The president of a rural electric cooperative in central Missouri that took a leading role in providing rural broadband service is President Trump’s choice to head the USDA’s Rural Utilities Service. The agency oversees programs that range from water and sewer facilities to electrical lines and telecommunications. The White House announced the post would go to Kenneth Johnson, chief executive of the Co-Mo Electric Cooperative and its telecomm subsidiary, Co-Mo Connect, in Tipton, Mo.
“Co-Mo is the first to deploy a fiber-to-the-home network to all of their members without federal or state funding, providing gigabit internet, video, and voice services to nearly 16,000 subscribers,” said the White House. On its website, Co-Mo Electric, founded during the Depression, said it organized Co-Mo Connect in 2010 to provide “fiber-to-the-home internet, TV and telephone service.” Echoing a common refrain among rural cooperatives, Co-Mo says, “The people asked for the service. For-profit companies that provided these communications services to cities around Co-Mo Country had no intention of extending them here.”

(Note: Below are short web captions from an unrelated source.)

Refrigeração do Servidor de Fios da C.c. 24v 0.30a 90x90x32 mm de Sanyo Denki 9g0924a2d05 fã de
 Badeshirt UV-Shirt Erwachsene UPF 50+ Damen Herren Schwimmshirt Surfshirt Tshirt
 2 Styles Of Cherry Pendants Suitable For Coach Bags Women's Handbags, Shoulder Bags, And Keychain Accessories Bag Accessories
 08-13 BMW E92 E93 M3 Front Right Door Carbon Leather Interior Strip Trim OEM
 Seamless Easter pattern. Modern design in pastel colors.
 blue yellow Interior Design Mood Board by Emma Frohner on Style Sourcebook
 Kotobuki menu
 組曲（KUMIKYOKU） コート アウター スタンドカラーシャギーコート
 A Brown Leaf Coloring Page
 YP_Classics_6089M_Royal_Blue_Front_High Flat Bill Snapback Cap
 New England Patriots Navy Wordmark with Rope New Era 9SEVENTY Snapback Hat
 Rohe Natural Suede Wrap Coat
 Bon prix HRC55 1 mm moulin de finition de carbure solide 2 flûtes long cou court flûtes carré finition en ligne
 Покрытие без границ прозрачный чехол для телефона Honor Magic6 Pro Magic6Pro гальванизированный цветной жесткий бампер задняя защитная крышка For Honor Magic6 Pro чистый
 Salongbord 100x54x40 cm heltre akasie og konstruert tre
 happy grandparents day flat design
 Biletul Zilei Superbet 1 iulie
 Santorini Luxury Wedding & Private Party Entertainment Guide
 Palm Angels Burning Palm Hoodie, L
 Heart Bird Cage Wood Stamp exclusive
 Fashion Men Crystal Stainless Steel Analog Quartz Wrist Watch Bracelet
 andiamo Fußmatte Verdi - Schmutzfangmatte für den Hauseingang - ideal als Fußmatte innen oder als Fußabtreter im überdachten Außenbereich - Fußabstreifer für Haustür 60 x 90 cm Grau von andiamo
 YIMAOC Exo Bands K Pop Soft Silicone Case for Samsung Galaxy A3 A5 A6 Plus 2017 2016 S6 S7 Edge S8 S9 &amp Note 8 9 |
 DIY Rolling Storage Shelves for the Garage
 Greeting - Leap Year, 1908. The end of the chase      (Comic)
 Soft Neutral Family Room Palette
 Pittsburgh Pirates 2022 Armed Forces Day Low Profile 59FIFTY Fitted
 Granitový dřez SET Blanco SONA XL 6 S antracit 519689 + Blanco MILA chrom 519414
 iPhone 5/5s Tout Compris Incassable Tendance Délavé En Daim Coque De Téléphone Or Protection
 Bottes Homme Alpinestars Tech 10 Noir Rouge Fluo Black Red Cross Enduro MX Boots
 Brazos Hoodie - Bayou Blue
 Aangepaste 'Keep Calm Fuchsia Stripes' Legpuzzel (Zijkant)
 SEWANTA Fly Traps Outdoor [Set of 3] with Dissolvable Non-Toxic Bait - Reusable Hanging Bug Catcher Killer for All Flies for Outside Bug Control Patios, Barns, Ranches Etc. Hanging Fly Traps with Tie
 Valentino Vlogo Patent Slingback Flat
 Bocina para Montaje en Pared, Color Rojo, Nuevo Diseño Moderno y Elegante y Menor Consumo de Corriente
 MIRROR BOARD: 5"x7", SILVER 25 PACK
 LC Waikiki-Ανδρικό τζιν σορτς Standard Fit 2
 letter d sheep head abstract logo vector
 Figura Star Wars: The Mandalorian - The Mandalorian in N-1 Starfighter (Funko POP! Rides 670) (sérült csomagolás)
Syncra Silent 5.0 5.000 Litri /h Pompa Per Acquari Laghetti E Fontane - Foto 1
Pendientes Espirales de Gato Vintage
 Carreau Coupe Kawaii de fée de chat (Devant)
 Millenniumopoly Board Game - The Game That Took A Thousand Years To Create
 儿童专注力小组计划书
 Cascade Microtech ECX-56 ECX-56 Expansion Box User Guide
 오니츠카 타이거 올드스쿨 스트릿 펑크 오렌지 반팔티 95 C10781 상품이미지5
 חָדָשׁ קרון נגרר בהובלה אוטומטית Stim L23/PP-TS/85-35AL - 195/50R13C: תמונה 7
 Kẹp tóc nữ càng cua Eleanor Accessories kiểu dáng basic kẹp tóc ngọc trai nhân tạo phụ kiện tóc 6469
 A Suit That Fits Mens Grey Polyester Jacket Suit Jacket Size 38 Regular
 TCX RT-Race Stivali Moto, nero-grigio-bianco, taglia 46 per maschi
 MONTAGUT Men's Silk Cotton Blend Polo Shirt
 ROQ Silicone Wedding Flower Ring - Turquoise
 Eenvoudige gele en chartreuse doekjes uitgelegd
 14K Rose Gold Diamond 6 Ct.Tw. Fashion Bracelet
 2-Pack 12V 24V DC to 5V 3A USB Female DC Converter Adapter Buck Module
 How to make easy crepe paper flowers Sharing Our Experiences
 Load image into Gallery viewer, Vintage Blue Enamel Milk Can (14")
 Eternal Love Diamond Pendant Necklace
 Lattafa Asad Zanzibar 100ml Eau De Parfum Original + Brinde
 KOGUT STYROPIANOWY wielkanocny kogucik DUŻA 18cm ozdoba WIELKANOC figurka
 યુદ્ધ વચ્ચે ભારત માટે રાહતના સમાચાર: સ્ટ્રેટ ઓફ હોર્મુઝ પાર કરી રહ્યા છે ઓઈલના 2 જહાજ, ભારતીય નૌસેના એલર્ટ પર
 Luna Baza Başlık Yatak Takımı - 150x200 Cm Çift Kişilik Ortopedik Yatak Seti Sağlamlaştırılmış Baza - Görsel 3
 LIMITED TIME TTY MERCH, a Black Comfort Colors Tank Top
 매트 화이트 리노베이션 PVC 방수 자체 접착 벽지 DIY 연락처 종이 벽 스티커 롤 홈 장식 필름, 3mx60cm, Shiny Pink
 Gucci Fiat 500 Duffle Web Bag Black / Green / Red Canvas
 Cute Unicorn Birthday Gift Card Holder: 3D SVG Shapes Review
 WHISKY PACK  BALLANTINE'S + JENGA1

The rural prosperity report delivered to Trump a month ago described universal broadband service in rural America as a springboard for economic growth. “Ken’s experience with rural utilities, including real success in expanding access to high-speed internet, will serve us well as we strive to increase prosperity across rural America,” said Agriculture Secretary Sonny Perdue, who led the task force that wrote the report.